Film- und Serienkritiken

Der Latinum-Standard des Star Trek Universums

Lieber vieldeutig nebentätig als vielfältig korrupt

„Hey! Die kompletten Listen der Nebentätigkeiten aller Bundestagsabgeordneten sind im Internet zu sehen! Da kann ich bestimmt einen total lustigen Artikel drüber schreiben, wenn ich die mal überfliege!“ – Na ja: oder auch ganz anders…
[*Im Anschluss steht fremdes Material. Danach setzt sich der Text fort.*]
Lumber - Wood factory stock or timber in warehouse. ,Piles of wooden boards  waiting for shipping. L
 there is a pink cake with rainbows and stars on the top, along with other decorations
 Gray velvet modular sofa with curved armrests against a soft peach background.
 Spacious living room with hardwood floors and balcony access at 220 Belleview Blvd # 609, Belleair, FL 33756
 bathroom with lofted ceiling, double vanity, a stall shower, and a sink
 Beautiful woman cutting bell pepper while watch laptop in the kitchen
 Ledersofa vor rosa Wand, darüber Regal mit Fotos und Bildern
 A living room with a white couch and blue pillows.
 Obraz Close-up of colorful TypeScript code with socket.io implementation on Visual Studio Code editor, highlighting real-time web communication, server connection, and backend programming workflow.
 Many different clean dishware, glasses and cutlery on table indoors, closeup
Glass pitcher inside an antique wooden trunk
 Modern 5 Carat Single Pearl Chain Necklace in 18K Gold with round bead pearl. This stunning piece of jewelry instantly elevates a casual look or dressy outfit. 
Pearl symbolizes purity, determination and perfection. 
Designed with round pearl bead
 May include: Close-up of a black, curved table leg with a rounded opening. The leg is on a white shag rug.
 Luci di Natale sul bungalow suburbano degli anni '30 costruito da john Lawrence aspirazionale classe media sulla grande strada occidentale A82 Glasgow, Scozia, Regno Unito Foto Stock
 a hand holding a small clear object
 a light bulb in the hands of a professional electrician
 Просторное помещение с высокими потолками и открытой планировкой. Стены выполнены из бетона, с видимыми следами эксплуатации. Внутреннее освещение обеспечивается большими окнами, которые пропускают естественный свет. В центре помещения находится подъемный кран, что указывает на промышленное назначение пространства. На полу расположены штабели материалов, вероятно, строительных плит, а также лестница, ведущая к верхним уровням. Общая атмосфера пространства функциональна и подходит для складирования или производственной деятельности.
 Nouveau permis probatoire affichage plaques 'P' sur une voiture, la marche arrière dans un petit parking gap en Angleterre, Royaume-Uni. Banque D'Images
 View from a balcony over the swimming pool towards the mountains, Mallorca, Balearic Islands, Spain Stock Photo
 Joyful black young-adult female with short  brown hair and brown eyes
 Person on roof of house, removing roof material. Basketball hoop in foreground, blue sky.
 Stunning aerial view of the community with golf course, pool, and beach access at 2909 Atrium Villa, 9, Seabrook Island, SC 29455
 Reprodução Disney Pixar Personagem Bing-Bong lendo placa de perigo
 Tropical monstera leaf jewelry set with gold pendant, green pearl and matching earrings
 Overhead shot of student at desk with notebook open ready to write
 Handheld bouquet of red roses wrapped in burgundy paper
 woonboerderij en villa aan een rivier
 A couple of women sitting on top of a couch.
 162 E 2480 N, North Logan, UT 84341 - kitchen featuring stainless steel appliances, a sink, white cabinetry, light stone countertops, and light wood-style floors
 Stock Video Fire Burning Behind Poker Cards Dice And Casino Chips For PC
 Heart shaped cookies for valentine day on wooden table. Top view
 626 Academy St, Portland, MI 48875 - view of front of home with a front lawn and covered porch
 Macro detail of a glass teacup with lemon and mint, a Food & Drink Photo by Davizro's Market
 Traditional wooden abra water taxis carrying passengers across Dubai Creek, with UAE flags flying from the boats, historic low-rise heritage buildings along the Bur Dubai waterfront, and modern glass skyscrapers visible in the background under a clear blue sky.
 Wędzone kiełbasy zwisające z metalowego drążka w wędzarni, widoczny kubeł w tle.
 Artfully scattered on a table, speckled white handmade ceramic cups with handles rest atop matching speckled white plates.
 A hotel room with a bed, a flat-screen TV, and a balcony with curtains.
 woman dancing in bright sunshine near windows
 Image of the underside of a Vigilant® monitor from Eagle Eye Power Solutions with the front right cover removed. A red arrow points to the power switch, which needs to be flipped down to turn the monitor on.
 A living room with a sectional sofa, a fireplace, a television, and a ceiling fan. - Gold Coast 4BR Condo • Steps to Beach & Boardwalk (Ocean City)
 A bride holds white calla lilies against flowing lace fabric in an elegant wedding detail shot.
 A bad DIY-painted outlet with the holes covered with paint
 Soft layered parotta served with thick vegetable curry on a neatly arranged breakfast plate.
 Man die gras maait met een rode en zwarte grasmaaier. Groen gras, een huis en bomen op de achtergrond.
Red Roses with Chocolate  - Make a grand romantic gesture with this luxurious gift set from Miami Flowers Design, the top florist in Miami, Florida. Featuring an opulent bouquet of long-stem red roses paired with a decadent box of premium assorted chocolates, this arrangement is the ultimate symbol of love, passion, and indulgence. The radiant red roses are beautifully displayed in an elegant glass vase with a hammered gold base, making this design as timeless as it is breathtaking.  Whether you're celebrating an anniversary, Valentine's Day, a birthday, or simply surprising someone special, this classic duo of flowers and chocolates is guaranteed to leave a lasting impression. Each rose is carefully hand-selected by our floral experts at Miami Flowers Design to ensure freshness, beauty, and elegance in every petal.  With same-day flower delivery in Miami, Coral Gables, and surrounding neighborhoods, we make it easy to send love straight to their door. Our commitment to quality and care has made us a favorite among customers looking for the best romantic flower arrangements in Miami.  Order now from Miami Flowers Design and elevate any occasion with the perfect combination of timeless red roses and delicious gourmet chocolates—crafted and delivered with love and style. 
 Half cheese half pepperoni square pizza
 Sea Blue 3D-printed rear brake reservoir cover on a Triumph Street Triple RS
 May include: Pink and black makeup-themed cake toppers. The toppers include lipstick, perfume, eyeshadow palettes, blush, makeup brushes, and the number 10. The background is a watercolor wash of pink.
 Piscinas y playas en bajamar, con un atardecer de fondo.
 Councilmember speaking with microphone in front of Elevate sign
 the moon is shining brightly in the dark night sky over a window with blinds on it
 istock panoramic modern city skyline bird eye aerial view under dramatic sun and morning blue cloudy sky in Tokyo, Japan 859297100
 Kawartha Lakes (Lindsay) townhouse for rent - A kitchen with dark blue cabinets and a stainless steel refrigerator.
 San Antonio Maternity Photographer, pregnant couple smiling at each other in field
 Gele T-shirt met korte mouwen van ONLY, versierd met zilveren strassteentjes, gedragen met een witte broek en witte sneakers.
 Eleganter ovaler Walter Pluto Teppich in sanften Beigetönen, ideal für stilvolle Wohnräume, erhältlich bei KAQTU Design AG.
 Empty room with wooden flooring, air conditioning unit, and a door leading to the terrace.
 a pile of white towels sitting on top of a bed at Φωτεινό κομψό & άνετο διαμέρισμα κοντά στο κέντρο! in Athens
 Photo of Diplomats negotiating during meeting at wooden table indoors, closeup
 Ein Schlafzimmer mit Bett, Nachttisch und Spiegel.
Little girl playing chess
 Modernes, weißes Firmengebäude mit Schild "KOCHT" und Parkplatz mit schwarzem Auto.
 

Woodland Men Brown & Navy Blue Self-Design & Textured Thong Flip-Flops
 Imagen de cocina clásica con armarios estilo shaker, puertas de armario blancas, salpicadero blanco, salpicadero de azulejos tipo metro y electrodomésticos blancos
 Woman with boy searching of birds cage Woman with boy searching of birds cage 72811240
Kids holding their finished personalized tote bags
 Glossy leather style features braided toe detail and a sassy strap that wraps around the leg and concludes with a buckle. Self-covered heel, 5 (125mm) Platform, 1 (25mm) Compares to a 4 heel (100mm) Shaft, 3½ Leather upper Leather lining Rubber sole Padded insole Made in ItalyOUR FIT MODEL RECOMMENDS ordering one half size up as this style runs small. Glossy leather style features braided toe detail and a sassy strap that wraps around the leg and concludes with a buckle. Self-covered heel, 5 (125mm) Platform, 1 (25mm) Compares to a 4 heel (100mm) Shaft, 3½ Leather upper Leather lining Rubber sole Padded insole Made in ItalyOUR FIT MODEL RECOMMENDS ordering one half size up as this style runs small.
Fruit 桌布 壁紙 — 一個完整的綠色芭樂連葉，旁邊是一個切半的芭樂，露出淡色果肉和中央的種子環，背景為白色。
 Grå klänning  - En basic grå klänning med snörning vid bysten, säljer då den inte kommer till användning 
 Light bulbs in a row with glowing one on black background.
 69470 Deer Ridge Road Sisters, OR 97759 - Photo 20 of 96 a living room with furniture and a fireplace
Gähn. Das Meiste davon ist war in etwa nur so interessant, wie als Normalbürger seinem Sparbuch beim Wachsen zuzusehen.

Hier ein paar wahllos herausgesuchte Sesselpups-Lizenzen:

– Technische Versicherung AG (Mitglied des Vorstandes)
– Herzzentrum Bad Krozingen (Mitglied des Verwaltungsrates)
– Volkswagen AG, Wolfsburg, Angestellter (Teilzeit)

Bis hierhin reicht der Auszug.